── EXERCISE DATA ──

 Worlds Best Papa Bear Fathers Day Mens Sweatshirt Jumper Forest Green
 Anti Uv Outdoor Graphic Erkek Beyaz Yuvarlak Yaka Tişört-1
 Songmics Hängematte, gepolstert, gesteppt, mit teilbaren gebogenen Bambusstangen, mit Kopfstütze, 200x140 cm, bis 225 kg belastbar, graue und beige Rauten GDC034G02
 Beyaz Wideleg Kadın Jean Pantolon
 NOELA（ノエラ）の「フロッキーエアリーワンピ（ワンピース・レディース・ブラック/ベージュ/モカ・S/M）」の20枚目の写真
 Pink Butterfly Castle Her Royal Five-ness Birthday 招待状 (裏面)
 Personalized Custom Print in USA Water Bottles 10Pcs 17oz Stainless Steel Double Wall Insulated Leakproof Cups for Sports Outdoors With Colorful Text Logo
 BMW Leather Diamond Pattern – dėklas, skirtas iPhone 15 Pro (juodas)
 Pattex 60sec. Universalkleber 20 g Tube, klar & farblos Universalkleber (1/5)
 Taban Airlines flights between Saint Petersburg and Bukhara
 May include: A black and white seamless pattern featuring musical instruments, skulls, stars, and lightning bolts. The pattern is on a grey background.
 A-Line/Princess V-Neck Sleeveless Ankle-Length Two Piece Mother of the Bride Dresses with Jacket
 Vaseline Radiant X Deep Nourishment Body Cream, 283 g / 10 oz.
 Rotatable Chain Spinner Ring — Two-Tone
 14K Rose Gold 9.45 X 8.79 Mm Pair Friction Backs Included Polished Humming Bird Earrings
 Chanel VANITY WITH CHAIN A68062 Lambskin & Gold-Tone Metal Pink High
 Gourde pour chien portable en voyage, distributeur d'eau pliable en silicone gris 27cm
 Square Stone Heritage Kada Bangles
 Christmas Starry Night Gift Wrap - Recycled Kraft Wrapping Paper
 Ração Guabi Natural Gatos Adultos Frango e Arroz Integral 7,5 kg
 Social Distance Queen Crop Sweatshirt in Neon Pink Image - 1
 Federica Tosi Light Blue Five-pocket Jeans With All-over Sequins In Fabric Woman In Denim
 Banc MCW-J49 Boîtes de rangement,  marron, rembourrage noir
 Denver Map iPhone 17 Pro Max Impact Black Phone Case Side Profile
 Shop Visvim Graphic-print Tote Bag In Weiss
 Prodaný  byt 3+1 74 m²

───

*THE TASK*. Wherever the string "Five" shows up in the material, copy the line that holds it.

*EXERCISE SOLUTION*.
 Pink Butterfly Castle Her Royal Five-ness Birthday 招待状 (裏面)
 Federica Tosi Light Blue Five-pocket Jeans With All-over Sequins In Fabric Woman In Denim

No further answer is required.